You will need to be constantly on your guard to resist the attack of
this germ. After you graduate and go out into the world, powerful
influences will be operative in your life, tending to deteriorate your
standards, lower your ideals, and encoarsen you generally.
When you plunge into the swim of things, you will be constantly thrown
into contact with those of lower ideals, who are actuated only by
sordid, selfish aims. Then dies the man, the woman in you, unless you
are made of superior stuff.
What a contrast that high and noble thing which the college diploma
stands for presents to that which many owners of the diploma stand for
a quarter of a century later! It is often difficult to recognize any
relationship between the two.
American-Indian graduates, who are so transformed by the inspiring,
uplifting influences of the schools and colleges which are educating
them that they are scarcely recognizable by their own tribes when they
return home, very quickly begin to change under the deteriorating
influences operating upon them when they leave college. They soon
begin to shed their polish, their fine manners, their improved
language, and general culture; the Indian blanket replaces their modern
dress, and they gradually drift back into their former barbarism. They
become Indians again.
The influences that will surround you when you leave college or your
special training school will be as potent to drag you down as those
that cause the young Indian to revert to barbarism. The shock you will
receive in dropping from the atmosphere of high ideals and beautiful
promise in which you have lived for four years to that of a very
practical, cold, sordid materiality will be a severe test to your
character, your manhood.
But the graduate whose training, whose education counts for anything
ought to be able to resist the shock, to withstand all temptations.

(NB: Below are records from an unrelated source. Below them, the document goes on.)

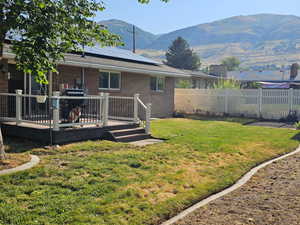 Fenced backyard with a deck with mountain view
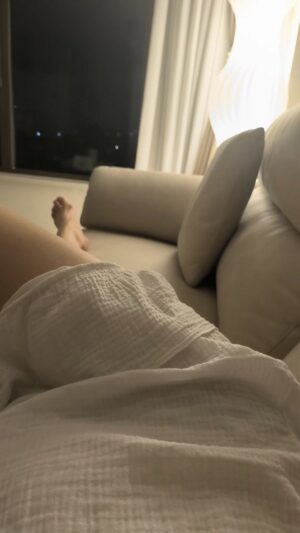 夜晚的酒店客房里，暖黄色立灯照亮米色沙发，一人穿浅色浴袍侧躺放松，窗外可见零星灯点，氛围安静克制。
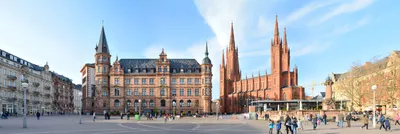 A Poster of Wiesbaden Germany Skyline - A River With Trees And Buildings In  The Background by HEBSTREIT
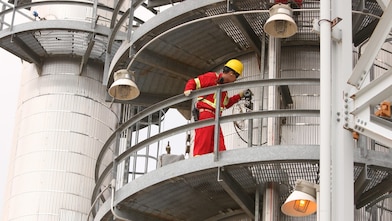 A Shell employee looks over refinery equipment from an elevated position.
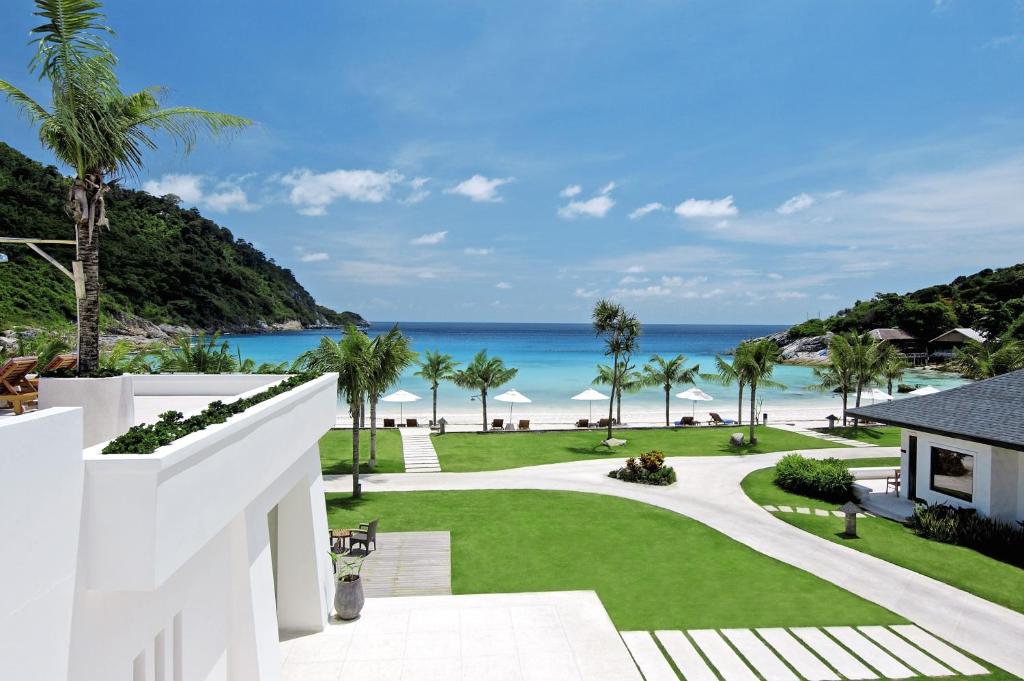 a view of the beach from the balcony of a resort at The Racha in Ko Racha Yai 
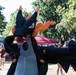 A person wearing a large inflatable dragon costume dominates the foreground at what appears to be an outdoor festival or market event. The costume is black and orange, resembling a fantasy dragon character with wings, horns, and a red mouth. The background shows vendor tents, trees, and attendees in a sunny outdoor setting.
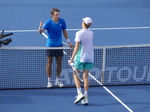 The match is over, and Alex De Minaur and Jannik Sinner are about to shake hands at the net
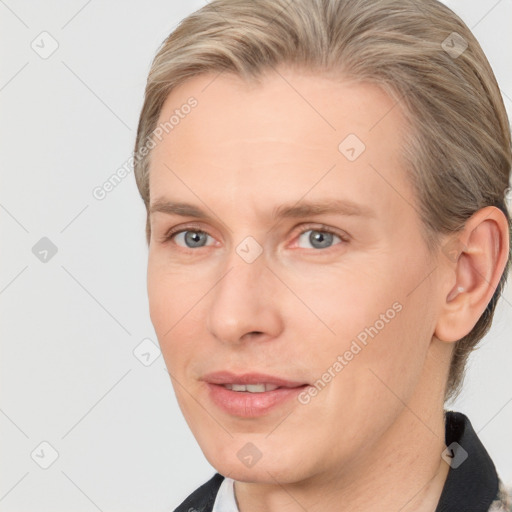 Joyful white adult female with medium  brown hair and grey eyes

The educated man ought to be able to do something better, something
higher than merely to put money in his purse. Money-making can not
compare with man-making. There is something infinitely better than to
be a millionaire of money, and that is to be a millionaire of brains,
of culture, of helpfulness to one's fellows, a millionaire of
character--a gentleman.
Whatever degrees you carry from school or college, whatever distinction
you may acquire in your career, no title will ever mean quite so much,
will ever be quite so noble, as that of gentleman.